Levinson Arshonsky & Kurtz LLP v. Kim
5/29/19, CA 2/1: B289308
Trial court denied client’s request to arbitrate under Mandatory Fee Arbitration Act (B&P 6200 et seq) as request was made more than 30 days after notification of right to arbitrate fee dispute. “Because the denial of a petition to compel a MFAA arbitration is not an appealable order, we lack jurisdiction to consider Kim’s appeal.” CtA also declined to treat appeal as a writ petition based on lack of unusual or exigent circumstances. CtA then rejected law firm’s requests for fees for a frivolous appeal as the firm was self-represented.
LaSalle v.

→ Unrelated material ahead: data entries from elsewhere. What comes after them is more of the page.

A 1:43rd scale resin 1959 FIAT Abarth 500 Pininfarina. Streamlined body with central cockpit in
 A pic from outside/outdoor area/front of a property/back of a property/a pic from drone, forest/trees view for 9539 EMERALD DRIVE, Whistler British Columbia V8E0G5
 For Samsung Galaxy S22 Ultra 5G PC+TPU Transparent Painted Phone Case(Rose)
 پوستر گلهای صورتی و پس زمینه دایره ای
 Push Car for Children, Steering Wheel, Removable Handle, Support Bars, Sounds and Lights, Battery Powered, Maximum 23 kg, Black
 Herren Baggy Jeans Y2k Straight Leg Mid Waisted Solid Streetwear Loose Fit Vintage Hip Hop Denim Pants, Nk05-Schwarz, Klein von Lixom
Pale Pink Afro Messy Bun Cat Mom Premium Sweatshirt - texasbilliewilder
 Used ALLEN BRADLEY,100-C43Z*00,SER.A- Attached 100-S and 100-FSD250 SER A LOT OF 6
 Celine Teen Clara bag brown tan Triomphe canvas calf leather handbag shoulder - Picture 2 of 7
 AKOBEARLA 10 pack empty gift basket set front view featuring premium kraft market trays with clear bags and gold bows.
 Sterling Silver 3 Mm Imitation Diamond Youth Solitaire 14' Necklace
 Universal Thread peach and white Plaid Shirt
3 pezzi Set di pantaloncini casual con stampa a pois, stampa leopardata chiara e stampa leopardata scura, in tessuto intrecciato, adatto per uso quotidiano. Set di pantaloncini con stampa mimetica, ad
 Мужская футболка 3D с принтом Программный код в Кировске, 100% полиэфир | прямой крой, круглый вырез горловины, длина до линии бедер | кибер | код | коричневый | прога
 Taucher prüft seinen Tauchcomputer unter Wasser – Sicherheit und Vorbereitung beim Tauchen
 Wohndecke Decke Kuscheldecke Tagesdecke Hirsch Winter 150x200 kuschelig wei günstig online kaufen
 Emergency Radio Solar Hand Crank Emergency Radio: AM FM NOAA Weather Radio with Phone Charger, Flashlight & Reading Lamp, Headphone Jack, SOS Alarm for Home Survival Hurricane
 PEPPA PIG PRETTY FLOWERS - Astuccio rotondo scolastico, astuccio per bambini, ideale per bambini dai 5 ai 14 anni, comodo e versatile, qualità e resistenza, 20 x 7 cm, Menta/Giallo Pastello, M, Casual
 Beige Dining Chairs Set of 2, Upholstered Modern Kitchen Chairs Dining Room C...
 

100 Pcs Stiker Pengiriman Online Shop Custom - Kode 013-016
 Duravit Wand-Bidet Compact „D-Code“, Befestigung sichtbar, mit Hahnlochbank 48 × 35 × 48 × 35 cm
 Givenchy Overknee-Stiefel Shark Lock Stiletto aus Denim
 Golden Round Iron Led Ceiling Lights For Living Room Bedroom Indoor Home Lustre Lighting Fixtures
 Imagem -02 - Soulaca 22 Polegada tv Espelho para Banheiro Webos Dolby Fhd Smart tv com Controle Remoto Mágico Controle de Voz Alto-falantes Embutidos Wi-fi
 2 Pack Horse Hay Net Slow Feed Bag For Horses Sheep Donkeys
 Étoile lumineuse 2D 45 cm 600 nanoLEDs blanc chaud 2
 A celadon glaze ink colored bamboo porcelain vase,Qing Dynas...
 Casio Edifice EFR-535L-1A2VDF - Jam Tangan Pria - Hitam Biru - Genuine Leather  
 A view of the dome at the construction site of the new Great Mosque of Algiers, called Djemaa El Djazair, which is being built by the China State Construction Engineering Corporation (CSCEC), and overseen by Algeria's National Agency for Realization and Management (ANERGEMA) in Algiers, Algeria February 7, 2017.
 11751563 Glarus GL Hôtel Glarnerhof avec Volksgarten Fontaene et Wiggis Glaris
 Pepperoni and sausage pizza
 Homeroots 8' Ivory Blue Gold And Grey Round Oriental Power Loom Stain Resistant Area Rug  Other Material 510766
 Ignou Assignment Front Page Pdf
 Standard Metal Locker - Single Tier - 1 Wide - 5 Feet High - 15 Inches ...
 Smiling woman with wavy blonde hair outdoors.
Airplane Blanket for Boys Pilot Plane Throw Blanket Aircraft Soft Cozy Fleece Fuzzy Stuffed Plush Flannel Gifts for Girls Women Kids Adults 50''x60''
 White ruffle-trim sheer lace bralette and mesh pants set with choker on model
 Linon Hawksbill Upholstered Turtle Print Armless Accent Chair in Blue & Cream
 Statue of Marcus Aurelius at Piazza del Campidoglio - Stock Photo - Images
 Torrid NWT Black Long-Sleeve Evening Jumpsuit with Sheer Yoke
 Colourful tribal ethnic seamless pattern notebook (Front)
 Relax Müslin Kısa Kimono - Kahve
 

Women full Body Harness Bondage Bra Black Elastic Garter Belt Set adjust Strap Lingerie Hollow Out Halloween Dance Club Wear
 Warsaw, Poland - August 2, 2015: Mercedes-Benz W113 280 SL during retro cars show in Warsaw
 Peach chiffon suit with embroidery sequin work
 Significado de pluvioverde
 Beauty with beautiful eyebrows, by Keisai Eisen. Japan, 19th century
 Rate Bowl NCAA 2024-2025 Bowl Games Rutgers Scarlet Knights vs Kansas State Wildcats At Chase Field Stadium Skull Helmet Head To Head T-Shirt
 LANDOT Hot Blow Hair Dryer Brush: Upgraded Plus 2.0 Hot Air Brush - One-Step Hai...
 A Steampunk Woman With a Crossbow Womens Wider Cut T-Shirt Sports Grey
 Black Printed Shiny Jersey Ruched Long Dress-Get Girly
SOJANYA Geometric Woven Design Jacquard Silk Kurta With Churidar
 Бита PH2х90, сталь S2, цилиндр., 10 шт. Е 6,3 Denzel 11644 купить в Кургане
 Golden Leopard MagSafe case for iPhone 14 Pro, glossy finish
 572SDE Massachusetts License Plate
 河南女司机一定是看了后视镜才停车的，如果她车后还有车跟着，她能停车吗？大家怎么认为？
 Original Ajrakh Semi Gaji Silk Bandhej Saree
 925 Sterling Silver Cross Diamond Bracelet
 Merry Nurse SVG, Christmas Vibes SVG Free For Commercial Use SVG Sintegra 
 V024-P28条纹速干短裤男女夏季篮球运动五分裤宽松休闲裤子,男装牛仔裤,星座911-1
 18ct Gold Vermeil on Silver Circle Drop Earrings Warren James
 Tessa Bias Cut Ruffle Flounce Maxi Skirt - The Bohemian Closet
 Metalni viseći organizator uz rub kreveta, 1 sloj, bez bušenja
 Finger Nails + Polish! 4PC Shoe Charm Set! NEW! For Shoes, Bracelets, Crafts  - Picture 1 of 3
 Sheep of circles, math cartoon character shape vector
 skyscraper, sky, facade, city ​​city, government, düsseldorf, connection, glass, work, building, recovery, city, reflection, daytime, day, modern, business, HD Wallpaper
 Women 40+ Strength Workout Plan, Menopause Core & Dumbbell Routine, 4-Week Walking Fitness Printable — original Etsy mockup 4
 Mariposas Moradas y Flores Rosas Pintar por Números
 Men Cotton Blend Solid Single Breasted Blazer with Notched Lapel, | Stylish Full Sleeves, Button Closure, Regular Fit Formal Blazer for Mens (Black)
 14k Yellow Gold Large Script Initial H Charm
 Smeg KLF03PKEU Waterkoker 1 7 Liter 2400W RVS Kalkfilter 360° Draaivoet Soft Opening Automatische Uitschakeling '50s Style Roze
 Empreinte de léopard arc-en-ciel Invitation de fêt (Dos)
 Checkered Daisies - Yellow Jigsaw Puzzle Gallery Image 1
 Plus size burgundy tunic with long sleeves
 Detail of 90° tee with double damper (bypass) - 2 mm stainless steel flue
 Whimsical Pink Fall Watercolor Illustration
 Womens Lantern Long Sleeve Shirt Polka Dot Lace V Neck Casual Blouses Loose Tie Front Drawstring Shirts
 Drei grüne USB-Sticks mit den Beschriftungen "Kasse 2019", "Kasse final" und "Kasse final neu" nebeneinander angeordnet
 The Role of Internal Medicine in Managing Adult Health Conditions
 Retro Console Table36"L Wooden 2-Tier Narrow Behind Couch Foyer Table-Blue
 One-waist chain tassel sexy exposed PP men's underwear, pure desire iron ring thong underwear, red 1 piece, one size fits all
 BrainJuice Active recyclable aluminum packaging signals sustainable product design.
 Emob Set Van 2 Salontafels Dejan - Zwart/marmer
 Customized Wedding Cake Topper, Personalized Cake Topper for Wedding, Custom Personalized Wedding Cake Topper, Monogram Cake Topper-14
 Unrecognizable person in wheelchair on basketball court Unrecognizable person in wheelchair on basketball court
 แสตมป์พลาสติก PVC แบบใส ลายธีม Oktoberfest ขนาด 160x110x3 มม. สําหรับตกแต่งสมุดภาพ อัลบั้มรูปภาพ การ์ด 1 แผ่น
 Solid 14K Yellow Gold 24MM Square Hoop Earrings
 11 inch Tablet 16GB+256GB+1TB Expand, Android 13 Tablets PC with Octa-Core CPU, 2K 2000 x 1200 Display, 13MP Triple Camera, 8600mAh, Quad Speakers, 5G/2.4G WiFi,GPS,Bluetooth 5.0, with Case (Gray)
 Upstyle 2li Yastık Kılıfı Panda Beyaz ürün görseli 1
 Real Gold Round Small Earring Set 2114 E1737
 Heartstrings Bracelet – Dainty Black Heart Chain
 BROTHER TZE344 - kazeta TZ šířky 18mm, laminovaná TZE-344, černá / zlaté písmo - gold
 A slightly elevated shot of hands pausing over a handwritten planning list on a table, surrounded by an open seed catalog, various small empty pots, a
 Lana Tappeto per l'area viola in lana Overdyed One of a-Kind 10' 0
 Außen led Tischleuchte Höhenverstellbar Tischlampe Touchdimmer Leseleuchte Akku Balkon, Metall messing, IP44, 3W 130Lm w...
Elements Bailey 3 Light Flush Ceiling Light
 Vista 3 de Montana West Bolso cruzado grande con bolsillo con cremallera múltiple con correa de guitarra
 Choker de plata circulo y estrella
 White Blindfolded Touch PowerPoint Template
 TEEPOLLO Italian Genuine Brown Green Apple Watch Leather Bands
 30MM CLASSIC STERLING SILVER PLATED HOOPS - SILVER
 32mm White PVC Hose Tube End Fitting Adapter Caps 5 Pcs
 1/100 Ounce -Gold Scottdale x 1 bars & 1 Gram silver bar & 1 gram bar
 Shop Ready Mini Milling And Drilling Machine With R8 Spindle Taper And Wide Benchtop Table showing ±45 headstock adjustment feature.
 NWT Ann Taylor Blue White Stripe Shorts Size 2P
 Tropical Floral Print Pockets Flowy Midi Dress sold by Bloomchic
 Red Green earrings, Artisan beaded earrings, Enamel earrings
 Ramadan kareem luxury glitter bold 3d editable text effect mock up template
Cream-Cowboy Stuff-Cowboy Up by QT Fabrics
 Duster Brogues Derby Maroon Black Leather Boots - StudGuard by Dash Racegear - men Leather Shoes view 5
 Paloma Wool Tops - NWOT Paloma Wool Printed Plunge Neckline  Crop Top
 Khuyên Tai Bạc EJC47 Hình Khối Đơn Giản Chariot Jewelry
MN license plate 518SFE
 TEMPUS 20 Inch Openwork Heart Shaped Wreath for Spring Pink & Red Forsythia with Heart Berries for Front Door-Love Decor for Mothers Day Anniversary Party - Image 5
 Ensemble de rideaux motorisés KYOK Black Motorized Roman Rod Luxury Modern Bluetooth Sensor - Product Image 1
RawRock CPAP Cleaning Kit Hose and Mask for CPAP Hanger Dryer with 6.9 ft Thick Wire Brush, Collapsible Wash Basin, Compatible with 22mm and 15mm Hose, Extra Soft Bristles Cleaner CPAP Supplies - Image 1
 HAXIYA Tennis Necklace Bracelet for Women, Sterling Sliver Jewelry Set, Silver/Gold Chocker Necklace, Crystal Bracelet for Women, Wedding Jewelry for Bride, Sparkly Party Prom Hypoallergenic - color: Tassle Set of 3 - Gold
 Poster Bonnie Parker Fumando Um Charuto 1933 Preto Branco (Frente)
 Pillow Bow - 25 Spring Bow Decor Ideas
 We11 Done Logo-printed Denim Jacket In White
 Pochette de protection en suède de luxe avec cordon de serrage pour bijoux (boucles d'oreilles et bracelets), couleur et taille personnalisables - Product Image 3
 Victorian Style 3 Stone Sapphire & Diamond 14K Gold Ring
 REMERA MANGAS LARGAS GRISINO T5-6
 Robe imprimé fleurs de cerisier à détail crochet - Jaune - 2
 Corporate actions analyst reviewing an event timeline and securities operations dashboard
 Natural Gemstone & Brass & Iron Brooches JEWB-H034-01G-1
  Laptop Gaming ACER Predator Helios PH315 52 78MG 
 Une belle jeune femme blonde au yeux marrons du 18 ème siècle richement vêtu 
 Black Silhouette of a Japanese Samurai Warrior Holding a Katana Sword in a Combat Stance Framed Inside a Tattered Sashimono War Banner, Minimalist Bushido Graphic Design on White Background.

Vogel
6/11/19, CA 4/3: G05538
CCP 583.130 establishes policy that “a plaintiff shall proceed with reasonable diligence in the prosecution of an action but that all parties shall cooperate in bringing the action to trial or other disposition….” Under that policy, Plaintiff in legal malpractice action should not have given one day to respond to request for answer to be filed before seeking default. Decision summarizes opinions addressing the lack of civility and cooperation in the legal profession, while also noting the deficiencies of email communications. Under CCP 583.130, trial court abused its discretion in not setting aside default entered seven days after response due and one day after attorney for defendant notified of intent to request default, and in light of “total absence of prejudice” to plaintiff from set-aside. Complexity of underlying lawsuit (malpractice claim made by Plaintiff against her divorce attorney) as well as trial court’s improper award of emotional distress damages which are not recoverable in a family law legal malpractice claims were other factors cited by CtA.
Marriage of Benner
6/12/19,CA 4/1: D073758
TCT determines that Evid. Code 730 child custody evaluation was deficient and of no value. Court orders evaluator to repay all fees paid by parties. That order set aside and Court joins evaluator sua sponte. TCT then grants motion to quash sua sponte joinder and orders a party to file request to join evaluator. Party complies with order. TCT then denies evaluator’s anti-SLAPP motion seeking to quash joinder. Affirmed. However, CtA then notes that it was error for TCT to require evaluator to be joined. TCT could conduct an evidentiary hearing with respect to whether evaluator should repay fees paid by parties without joinder of evaluator as a party to the action. Due process requirements would be satisfied by notice and opportunity to be heard with respect to fees that evaluator received pursuant to Evidence Code section 730.